Description of the task: A faithful repeat of all the records, with no image kept, is the required answer.

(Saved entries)
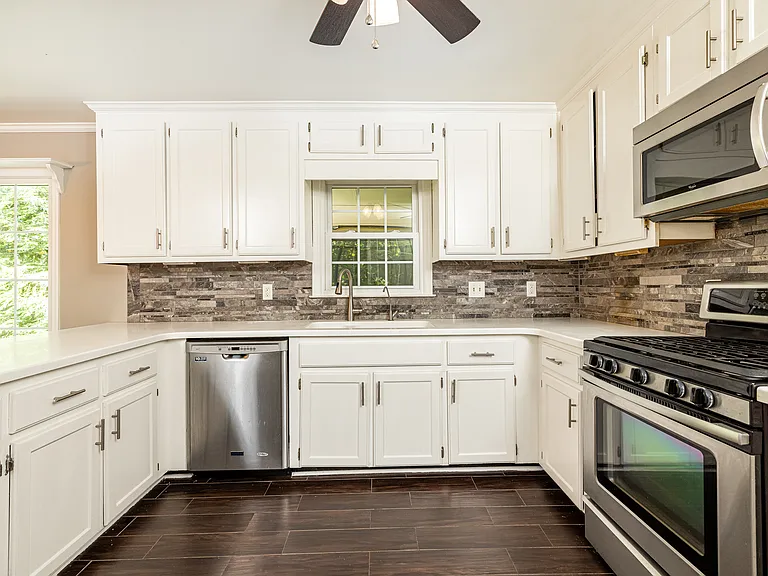 2124 Rockland Ct — Photo 21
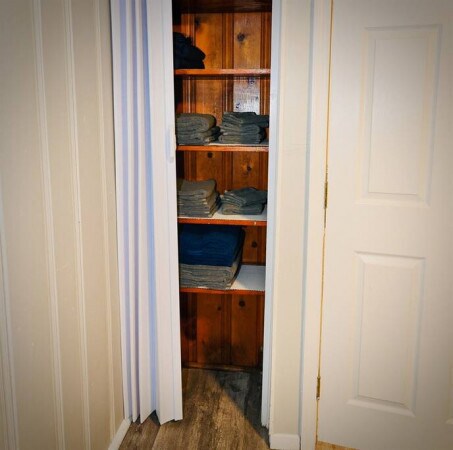 Building Photo - 1544 Oakridge Rd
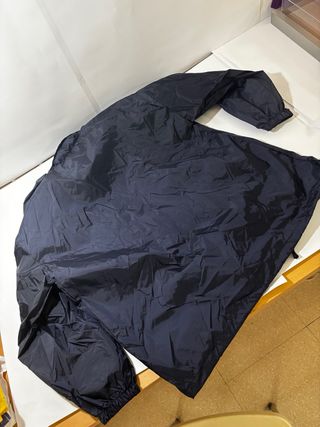 Chubasquero azul marino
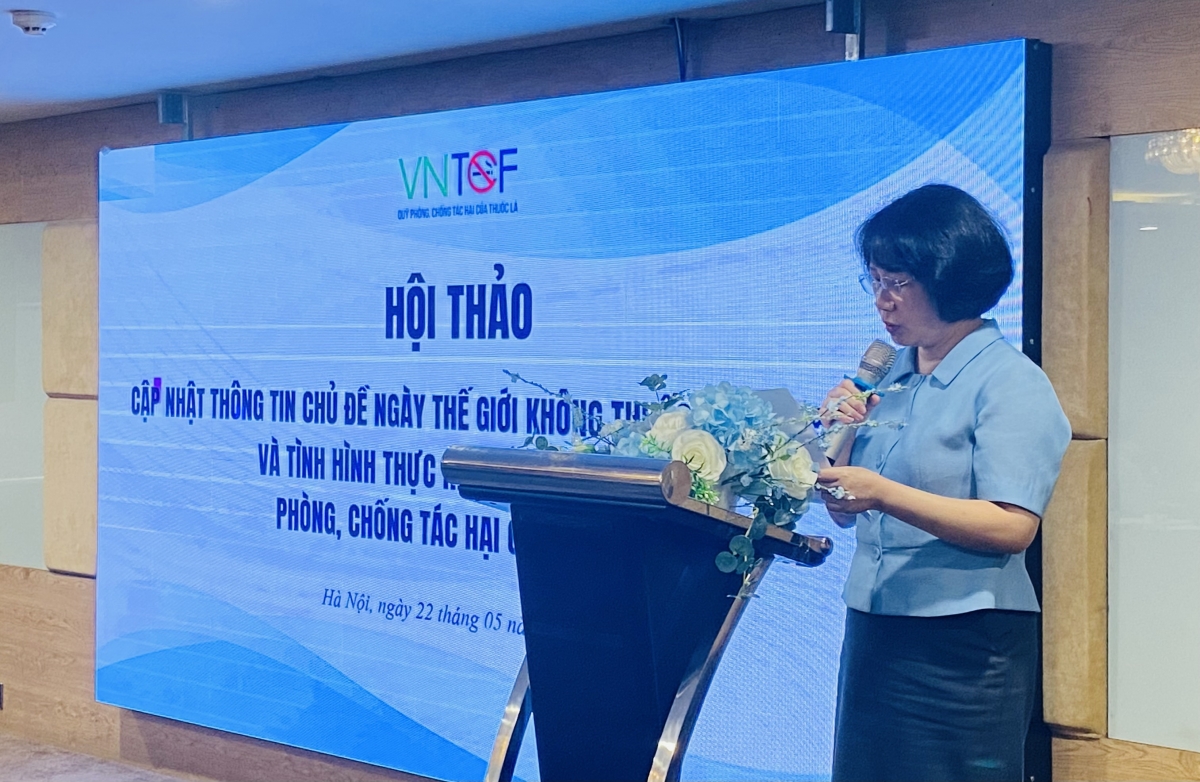 Ths.Bác sĩ Phan Thị Hải, Phó Giám đốc Quỹ Phòng, chống tác hại của thuốc lá (Bộ Y tế) phát biểu tại Hội thảo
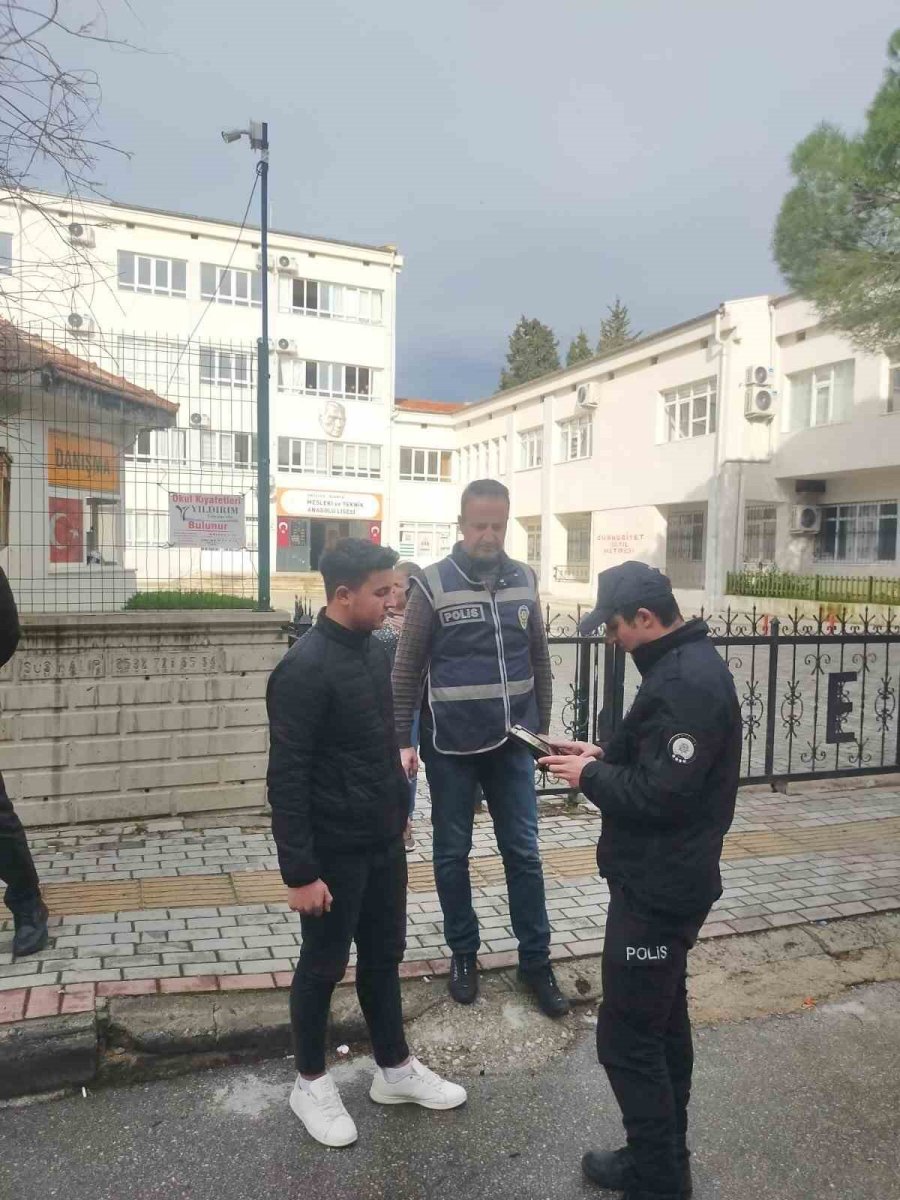 Polis Ekiplerinden, Okul Çevrelerinde Ve Servis Araçlarında Denetim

Solution below:
 2124 Rockland Ct — Photo 21
 Building Photo - 1544 Oakridge Rd
 Chubasquero azul marino
 Ths.Bác sĩ Phan Thị Hải, Phó Giám đốc Quỹ Phòng, chống tác hại của thuốc lá (Bộ Y tế) phát biểu tại Hội thảo
 Polis Ekiplerinden, Okul Çevrelerinde Ve Servis Araçlarında Denetim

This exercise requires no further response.